When to walk away from a business acquisition

business acquisition

Buying a business can be an exciting and daunting venture. Exciting because of the potential future prospects that it can bring, and daunting because the hidden pitfalls in the transaction process can trap even the most experienced buyers.

That’s why it’s important to approach a possible acquisition with an objective and critical eye – which is easier said than done when you’ve already developed an emotional attachment to the transaction from the outset.

As someone who has provided legal advice on numerous business acquisitions, I’ve learned that knowing when to walk away is just as important as knowing when to move forward.

What should you do to make sure you’re negotiating a good deal?

Your first line of defence is having a comprehensive term sheet prepared at the start of a transaction to clearly outline the commercial terms of the deal. This document serves as a strategic roadmap, ensuring both parties are aligned from the outset.

Paying close attention to the financial health of the business is also vitally important. Excessive debt can sink a business (and an acquisition) at any time. Don’t fall into the trap of paying a premium only to inherit a mountain of financial obligations.

You should also make sure the business that you’re buying is up to date with all its compliance obligations. For example, have they lodged all their ASIC forms, are all their constituent documents validly signed?

Lastly, if the bidding process isn’t competitive and you’re the only buyer, think about whether you’re deluding yourself by offering to pay a premium for the business (when there’s no other direct competition).

What are some common danger signs that the deal is too good to be true?

As you go deeper into the transaction process, you may start to see red flags appear.

A purchase price that is significantly lower than comparable transactions may seem attractive, but it should immediately raise suspicion.

Similarly, be wary of sellers who are overly eager to complete the transaction. If they’re offering to pay your legal costs, cover the cost of the purchase through vendor finance, or promising exponential growth with minimal effort post-sale, this may be a sign that the deal is too good to be true.

You also shouldn’t ignore industry-specific risks. If there are impending government regulations that would affect business operations, an imminent economic downturn or prescribed changes in the competitive landscape, then you should consider pulling up the brakes on the transaction before it’s too late.

If any of the above red flags become evident to you – step back, do your own research, and lean on your professional advisors to help guide you through the seemingly dark tunnel.

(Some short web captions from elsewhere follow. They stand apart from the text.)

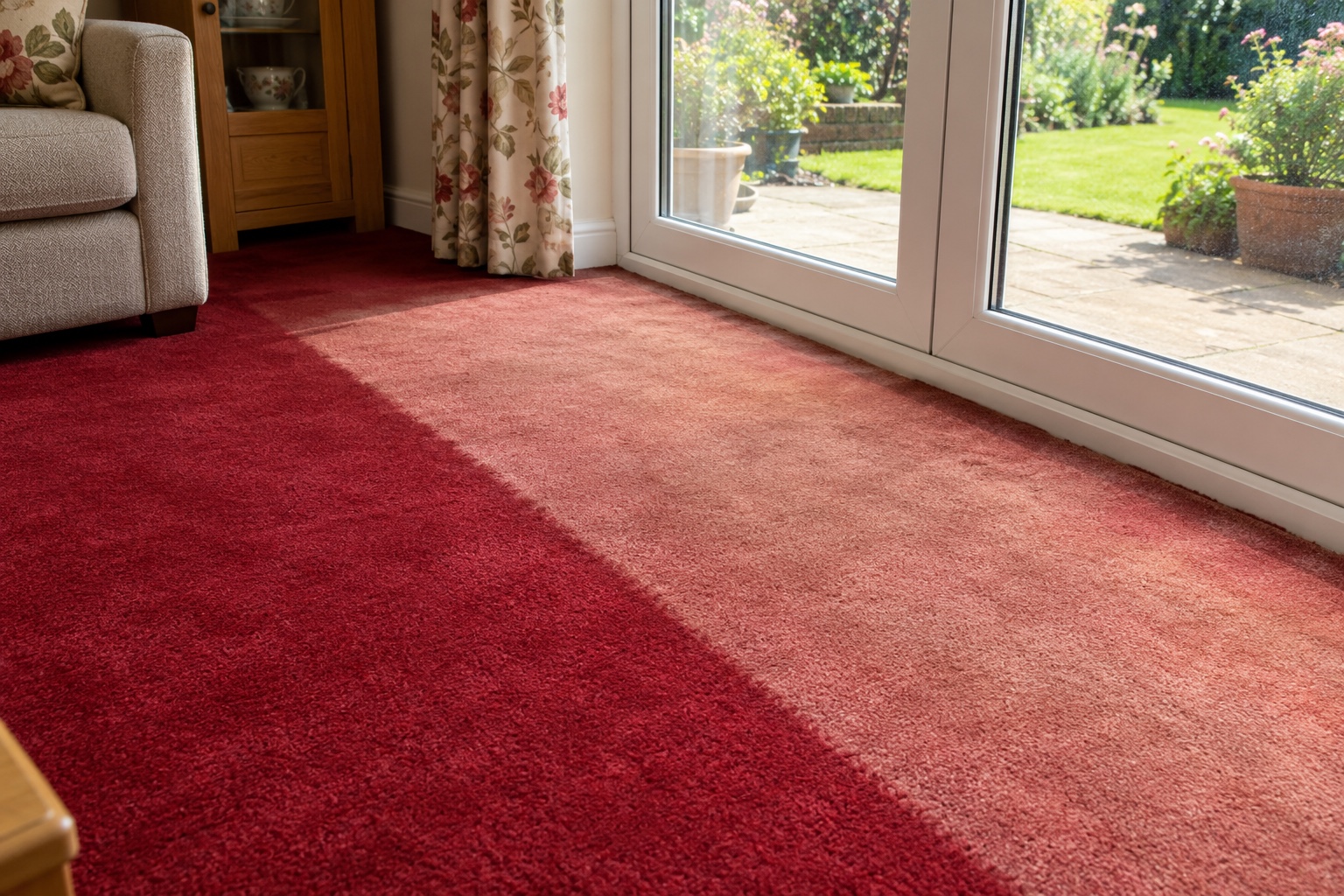 Why Some Stains Can’t Be Fully Removed 4 Sun fading is lost colour, not a stain, so it cannot be cleaned back.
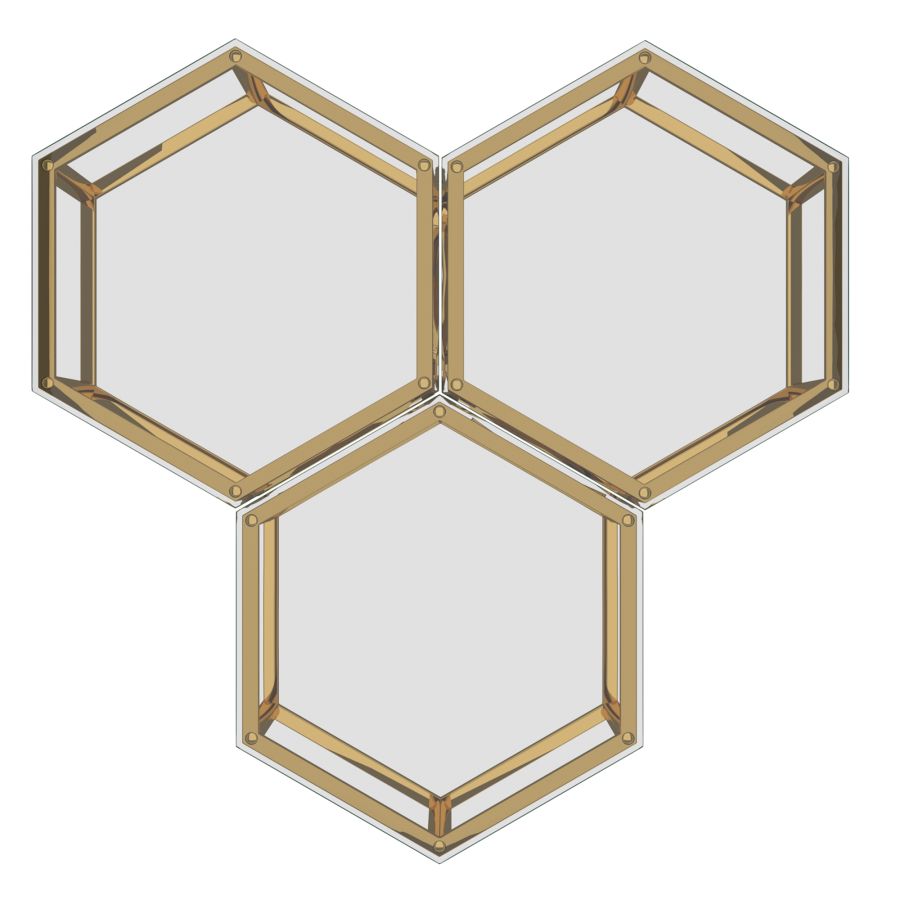 Fleur 3pc Accent Table Set in Gold 501-635GL-3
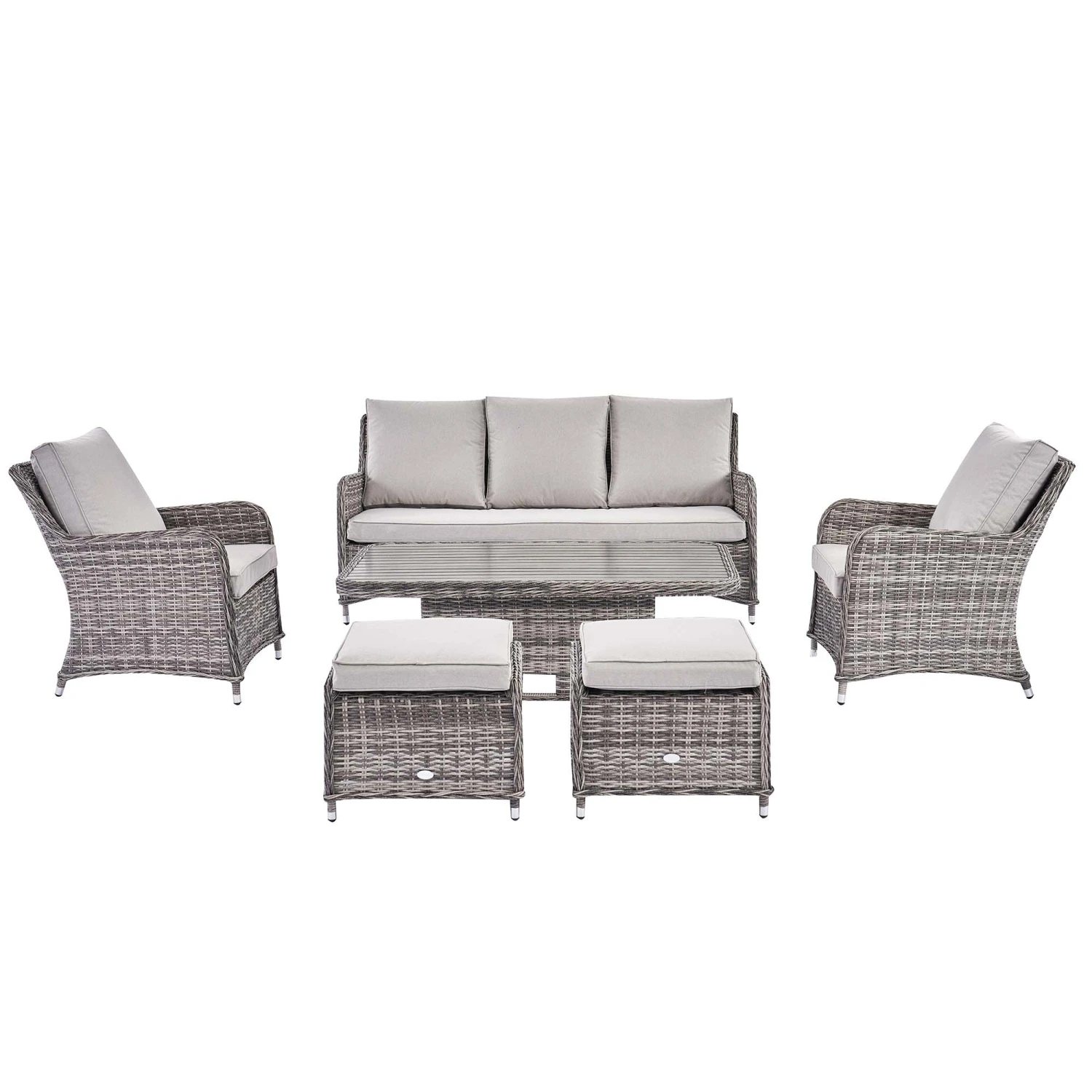 Hampshire 7-Seater Light Grey Round Wicker Rattan Sofa Set with Adjustable Rising Table 14 Hampshire 7-Seater Light Grey Round Wicker Rattan Sofa Set with Adjustable Rising Table - Image 14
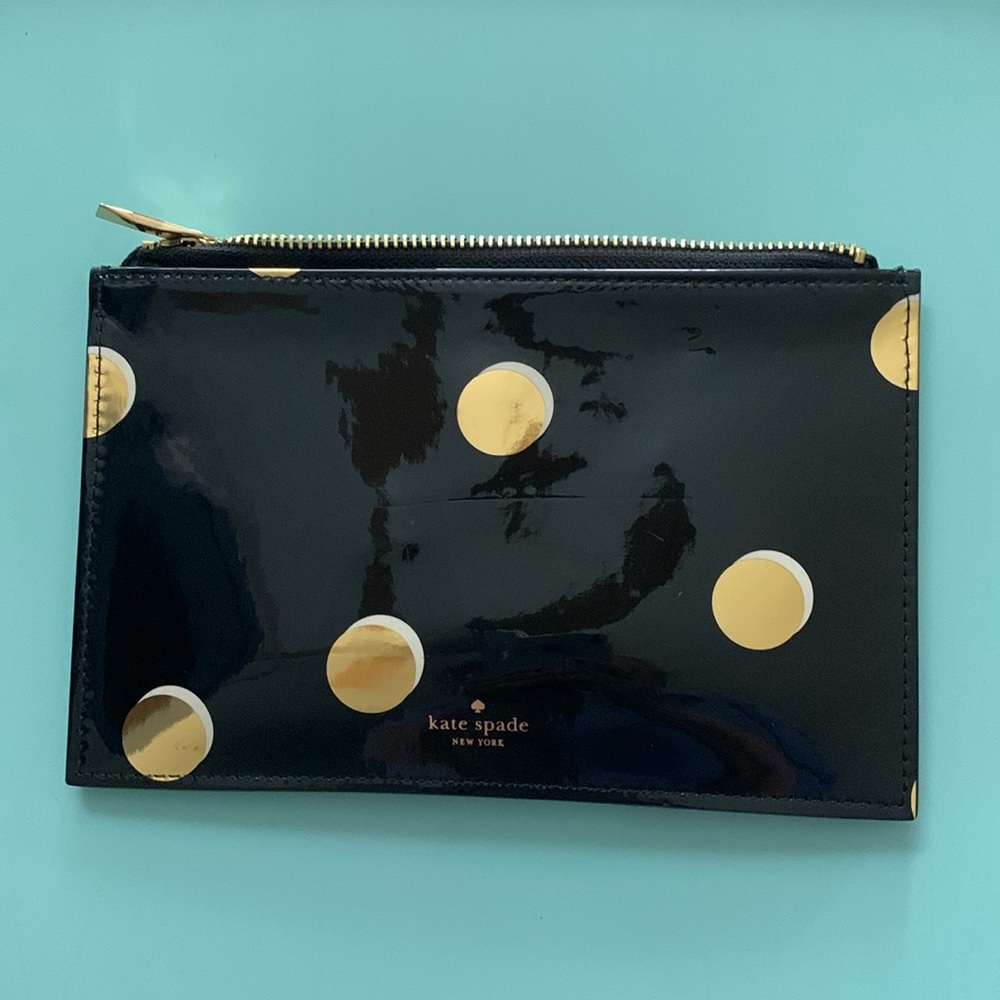 KATE SPADE Black Patent Zipper Pouch w/Eraser and Pencil Sharpener
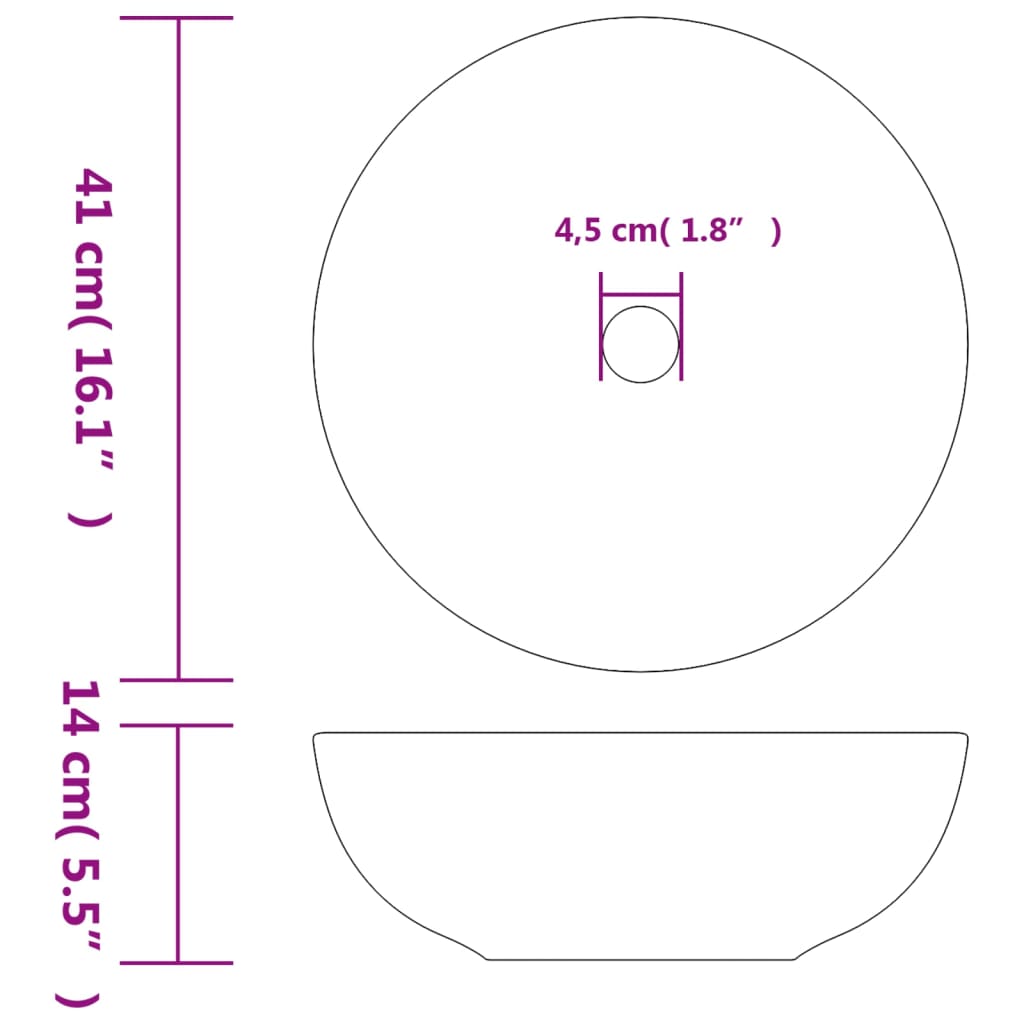 Countertop Basin Grey Round Φ41x14 cm Ceramic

The importance of walking away on good terms

Walking away isn’t a failure, it’s a strategic decision. The time and resources you’ve invested during the transaction process won’t be wasted just because you decided not to pursue a potentially catastrophic transaction – you don’t want to get into bed with the devil. If solutions can’t be found to address your concerns, it’s better to walk away than to buy a dud.

Communication is key when looking to walk away. If the deal isn’t meeting your expectations, be transparent with the seller. Don’t be afraid to voice your concerns throughout the transaction process.

Ultimately, trust your instincts. If something feels off, it probably is. A successful business acquisition requires more than just financial analysis, it demands intuition, patience, and the courage to say no when the deal doesn’t meet your standards.